(Dataset begins)

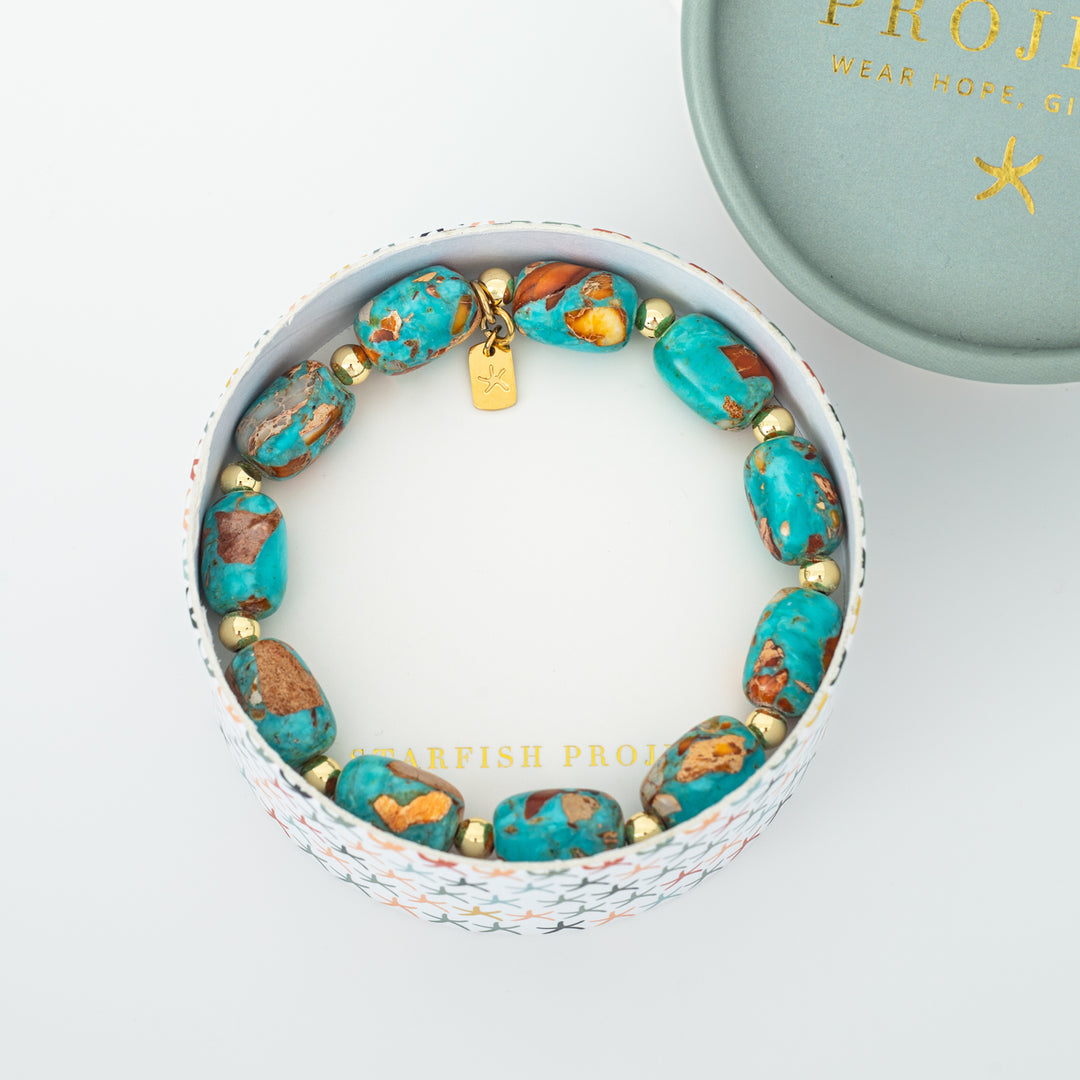 Turquoise stone bracelet placed in gift package, Starfish Project, Christmas gift ideas, Mother's day present, sustainable fair trade jewelry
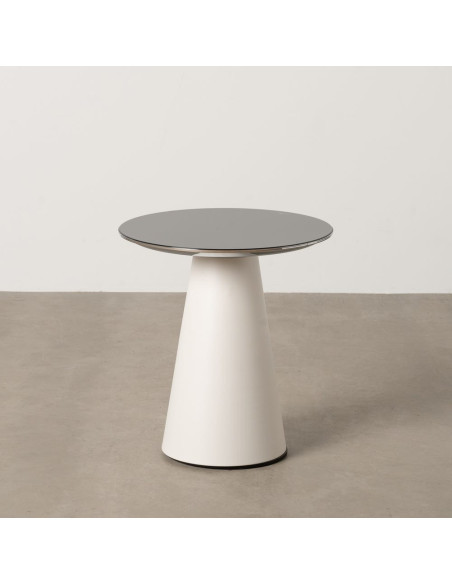 Table d'appoint moderne Ronde 2 niveaux en Métal Blanc Noir Vania - 2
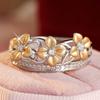 Vintage Inlaid White CZ Flower Women's Ring Trendy Two Color Geometry Daily Wear Party Jewelry Anniversary Gift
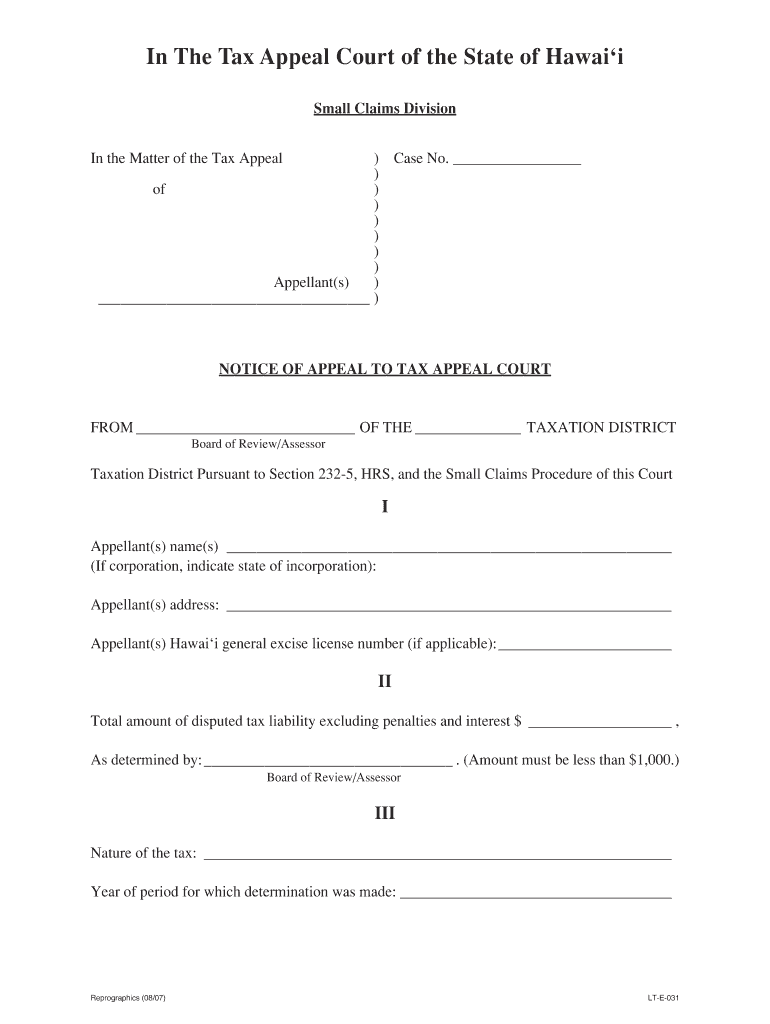 hawaii lt e031 appeal court printable Preview on Page 1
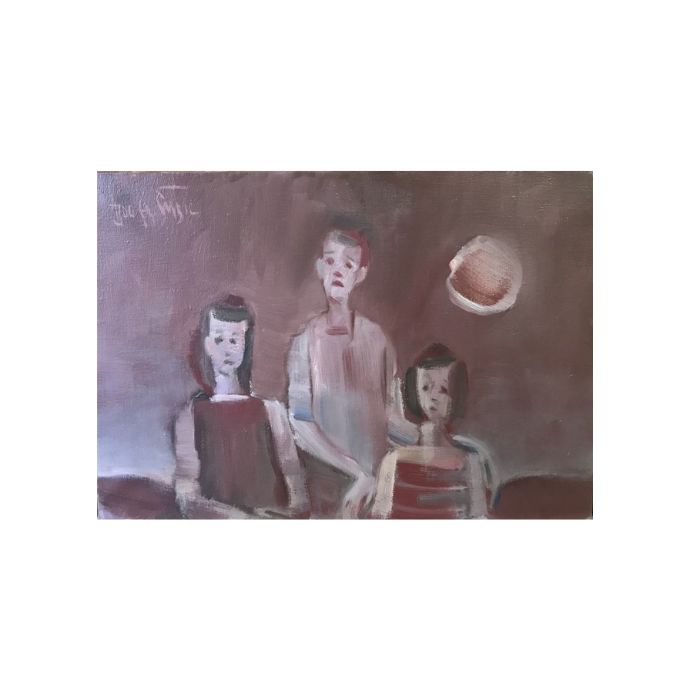 Ajdo Fr. Šubic Olje na platno Družina 49x34.50cm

(Dataset ends)

*Task directions*: Without the pictures, copy out each entry exactly as it stands.

*Written answer*:
 Turquoise stone bracelet placed in gift package, Starfish Project, Christmas gift ideas, Mother's day present, sustainable fair trade jewelry
 Table d'appoint moderne Ronde 2 niveaux en Métal Blanc Noir Vania - 2
 Vintage Inlaid White CZ Flower Women's Ring Trendy Two Color Geometry Daily Wear Party Jewelry Anniversary Gift
 hawaii lt e031 appeal court printable Preview on Page 1
 Ajdo Fr. Šubic Olje na platno Družina 49x34.50cm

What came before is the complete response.